* **PROBLEM DETAILS**
The line containing "this 845×633 image." and every line after it to the end of the records: set those down exactly, without any pictures.

* **SOURCE MATERIAL**

#####

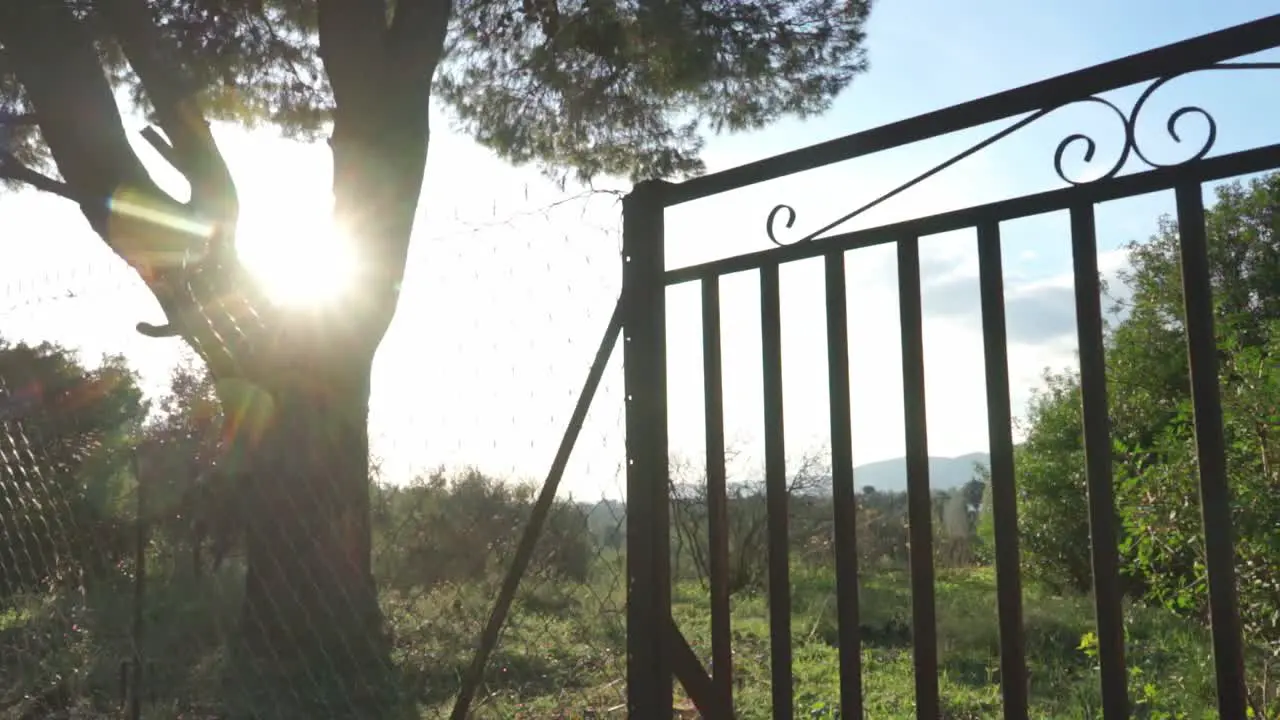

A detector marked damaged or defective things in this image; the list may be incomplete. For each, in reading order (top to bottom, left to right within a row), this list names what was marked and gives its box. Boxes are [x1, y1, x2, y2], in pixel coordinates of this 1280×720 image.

rusty gate bar [660, 14, 1280, 206]
rusty gate bar [622, 178, 675, 712]
rusty gate bar [701, 275, 732, 712]
rusty gate bar [757, 258, 788, 717]
rusty gate bar [824, 251, 865, 712]
rusty gate bar [896, 237, 947, 717]
rusty gate bar [972, 219, 1034, 717]
rusty gate bar [1064, 203, 1126, 717]
rusty gate bar [1172, 180, 1244, 712]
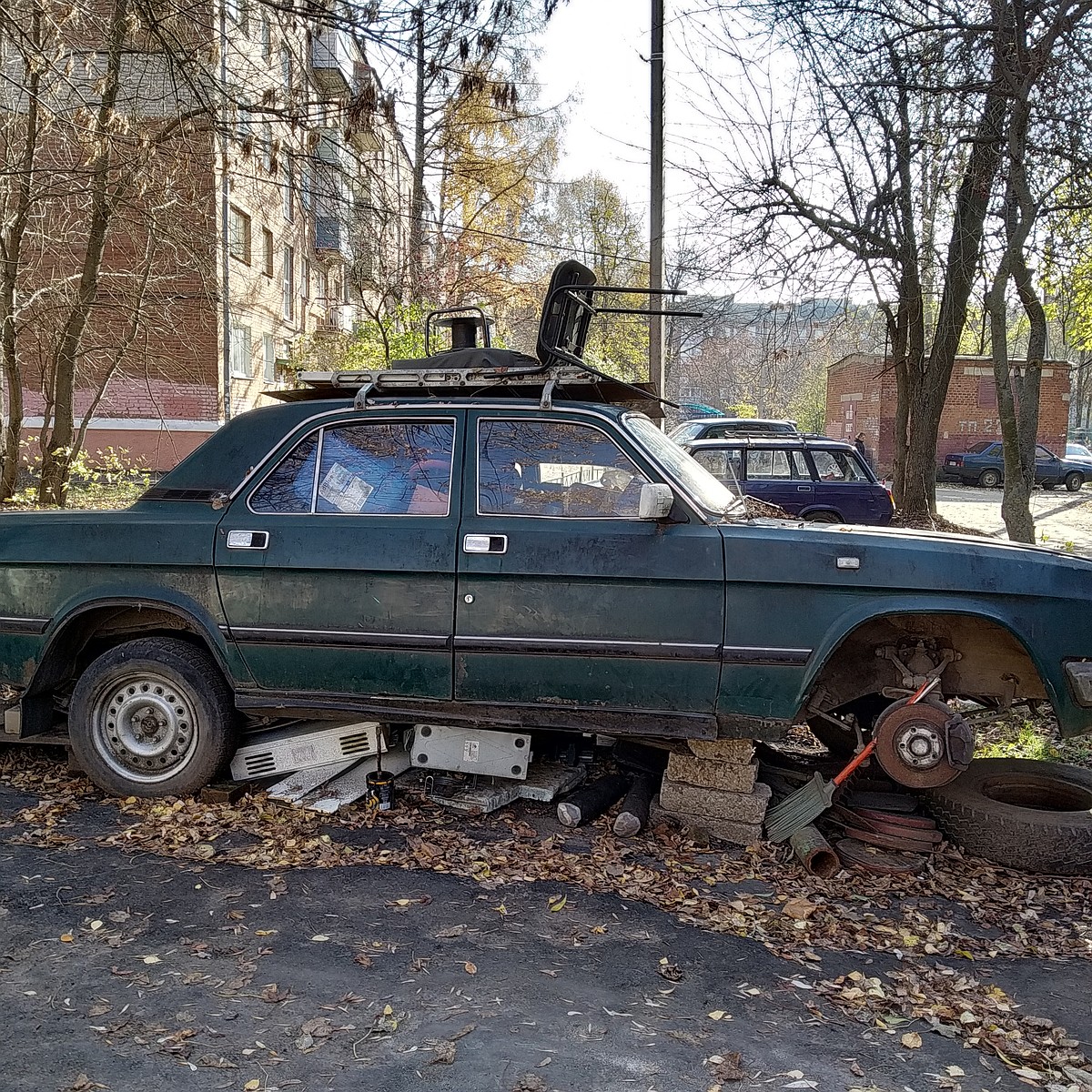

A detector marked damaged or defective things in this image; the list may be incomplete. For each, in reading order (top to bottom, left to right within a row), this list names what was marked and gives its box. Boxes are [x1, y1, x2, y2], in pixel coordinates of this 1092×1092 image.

abandoned green sedan [4, 263, 1092, 794]
rusty metal pipe [790, 821, 838, 882]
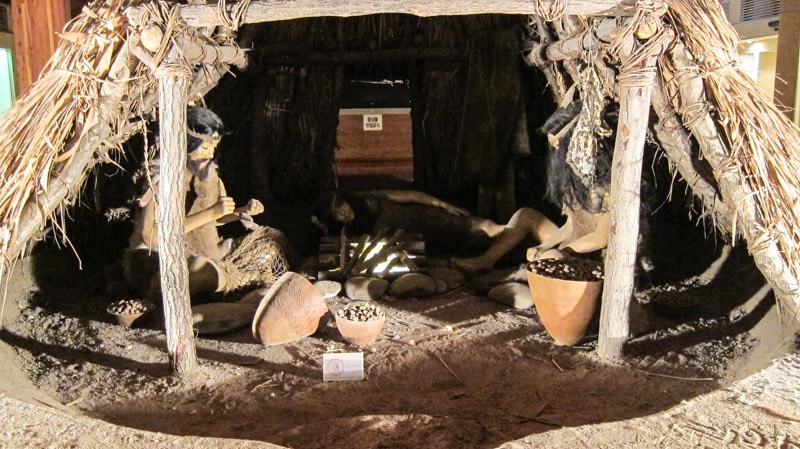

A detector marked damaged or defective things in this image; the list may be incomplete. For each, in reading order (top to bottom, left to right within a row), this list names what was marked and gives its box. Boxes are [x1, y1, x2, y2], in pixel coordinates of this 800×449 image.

broken pottery shard [256, 272, 332, 344]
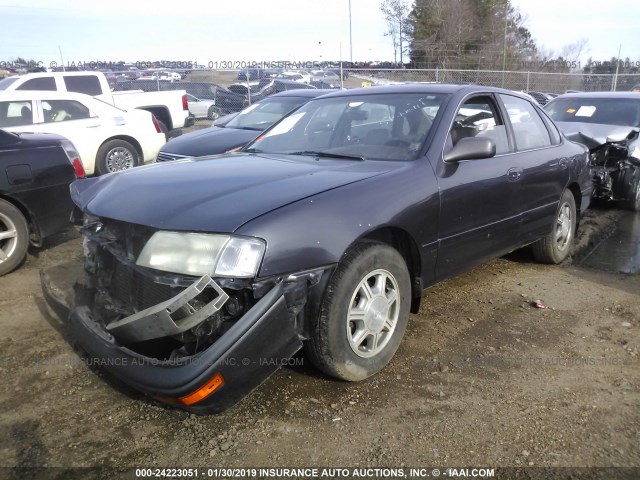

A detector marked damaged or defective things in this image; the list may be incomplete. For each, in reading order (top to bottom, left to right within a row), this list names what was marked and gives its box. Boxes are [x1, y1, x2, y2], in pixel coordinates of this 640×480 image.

broken headlight assembly [136, 232, 266, 278]
bent hood [160, 125, 260, 156]
bent hood [70, 152, 390, 231]
wrecked vehicle [47, 85, 592, 412]
wrecked vehicle [544, 94, 640, 210]
damaged gray sedan [544, 93, 640, 211]
damaged silver sedan [544, 94, 640, 210]
bent hood [556, 121, 640, 149]
crumpled front bumper [43, 274, 306, 416]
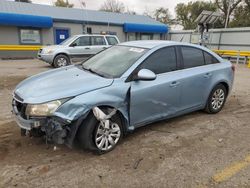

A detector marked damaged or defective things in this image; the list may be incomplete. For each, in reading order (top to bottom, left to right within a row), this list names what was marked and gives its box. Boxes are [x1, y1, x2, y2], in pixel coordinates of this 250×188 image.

broken headlight [25, 99, 67, 117]
crushed hood [14, 65, 114, 103]
damaged blue sedan [11, 40, 234, 153]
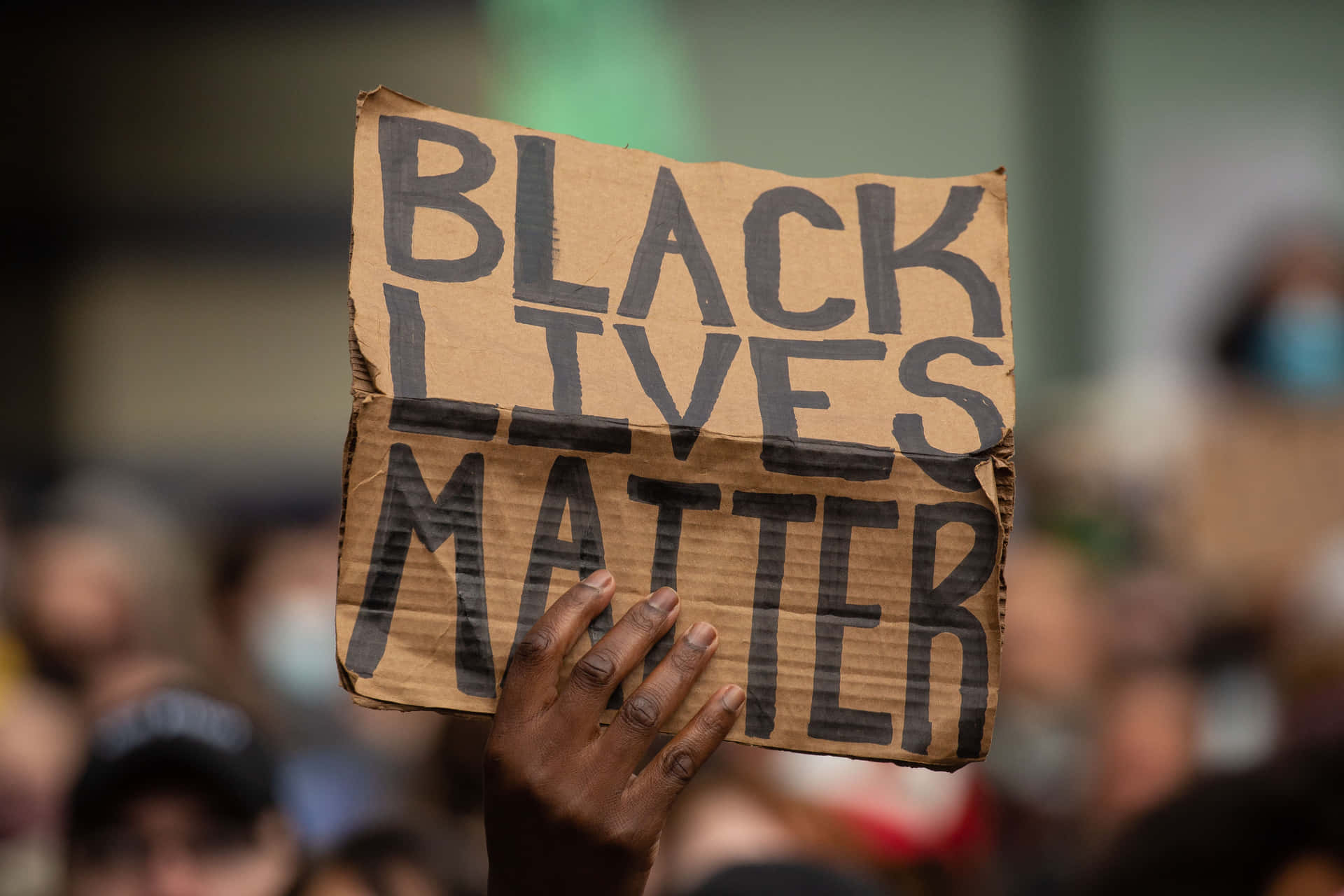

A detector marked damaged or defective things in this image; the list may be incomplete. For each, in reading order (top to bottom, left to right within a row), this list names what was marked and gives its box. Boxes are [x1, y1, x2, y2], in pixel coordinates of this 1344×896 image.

torn cardboard corner [338, 87, 1016, 768]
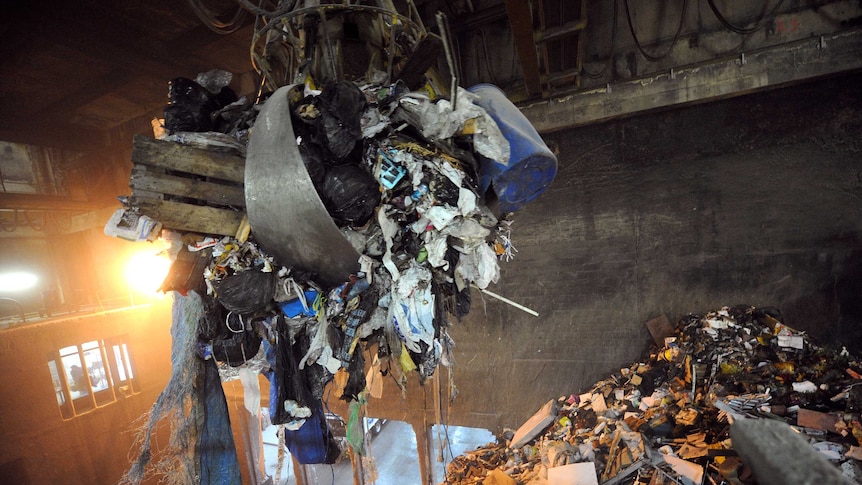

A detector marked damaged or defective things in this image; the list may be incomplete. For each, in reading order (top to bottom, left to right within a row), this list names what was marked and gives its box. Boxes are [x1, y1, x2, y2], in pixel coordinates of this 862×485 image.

rusty metal surface [246, 84, 362, 286]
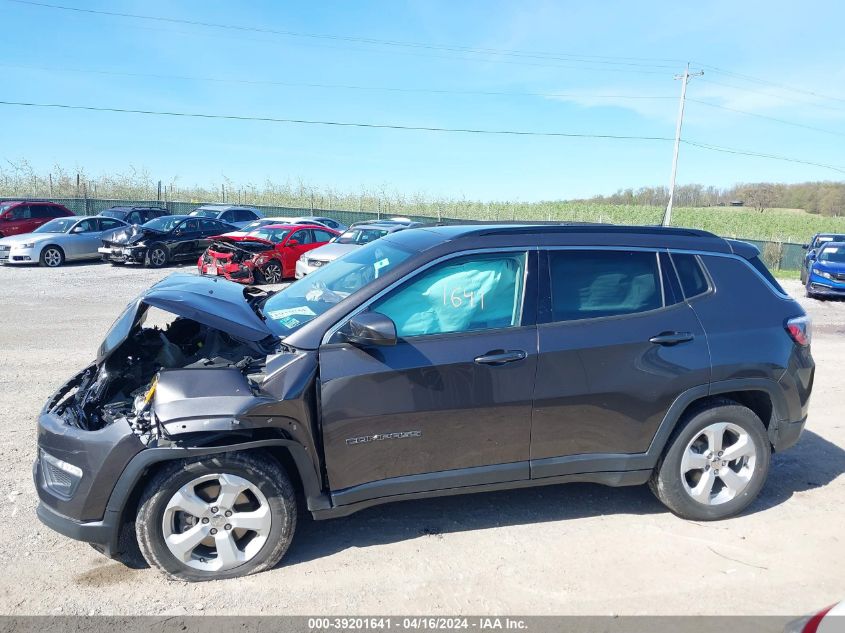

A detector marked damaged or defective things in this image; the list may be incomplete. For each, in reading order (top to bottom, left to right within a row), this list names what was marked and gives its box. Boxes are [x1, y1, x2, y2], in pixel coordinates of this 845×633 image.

crushed hood [99, 272, 276, 360]
damaged gray suv [36, 225, 816, 580]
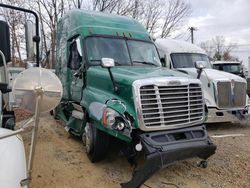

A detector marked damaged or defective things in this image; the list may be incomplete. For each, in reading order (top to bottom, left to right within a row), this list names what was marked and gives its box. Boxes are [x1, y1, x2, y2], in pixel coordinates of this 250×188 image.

damaged front end [122, 125, 216, 188]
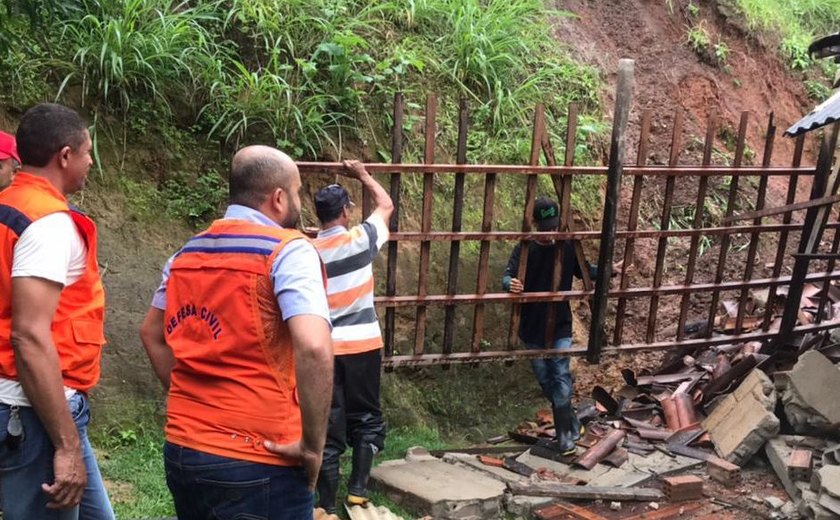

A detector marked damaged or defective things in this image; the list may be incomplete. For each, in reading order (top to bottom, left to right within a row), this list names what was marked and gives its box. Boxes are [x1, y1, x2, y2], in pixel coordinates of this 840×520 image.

rusty iron bar [384, 93, 404, 360]
rusty iron bar [416, 95, 440, 356]
rusty iron bar [440, 100, 472, 362]
rusty iron bar [508, 103, 548, 350]
rusty metal gate [298, 63, 836, 368]
rusty iron bar [376, 270, 840, 306]
rusty iron bar [378, 318, 840, 368]
rusty iron bar [588, 59, 632, 364]
rusty iron bar [390, 221, 840, 242]
rusty iron bar [612, 110, 652, 346]
rusty iron bar [648, 109, 684, 344]
rusty iron bar [676, 110, 716, 342]
rusty iron bar [704, 112, 748, 340]
rusty iron bar [740, 114, 776, 334]
rusty iron bar [764, 134, 804, 330]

#####

* **RESULT OF THIS TASK**
A detector marked damaged or defective things in this image; the list may be incomplete. For each, in reading order (top to bottom, left to right within a row), this list names what was marked and gives its box. Boxes are [x1, y1, x2, y2], in pixel coordinates of this 845×633 image.

crushed hood [99, 272, 276, 360]
damaged gray suv [36, 225, 816, 580]

A detector marked damaged or defective things in this image; the list may be incomplete. For each, in reading order (top to bottom, left to right within a row), this list names what was marked and gives its box. Boxes are [x1, y1, x2, y2], in pixel coordinates of this 250×188 image.

damaged front end [122, 125, 216, 188]

A detector marked damaged or defective things in this image; the list may be incomplete. For each, in reading order (top to bottom, left to right within a row), this list names what was marked and gives its box. Boxes are [x1, y1, x2, y2], in pixel coordinates of this 840×520 image.

rusty iron bar [384, 93, 404, 360]
rusty iron bar [416, 95, 440, 356]
rusty iron bar [440, 100, 472, 362]
rusty iron bar [508, 103, 548, 350]
rusty metal gate [298, 63, 836, 368]
rusty iron bar [376, 270, 840, 306]
rusty iron bar [378, 318, 840, 368]
rusty iron bar [588, 59, 632, 364]
rusty iron bar [390, 221, 840, 242]
rusty iron bar [612, 110, 652, 346]
rusty iron bar [648, 109, 684, 344]
rusty iron bar [676, 110, 716, 342]
rusty iron bar [704, 112, 748, 340]
rusty iron bar [740, 114, 776, 334]
rusty iron bar [764, 134, 804, 330]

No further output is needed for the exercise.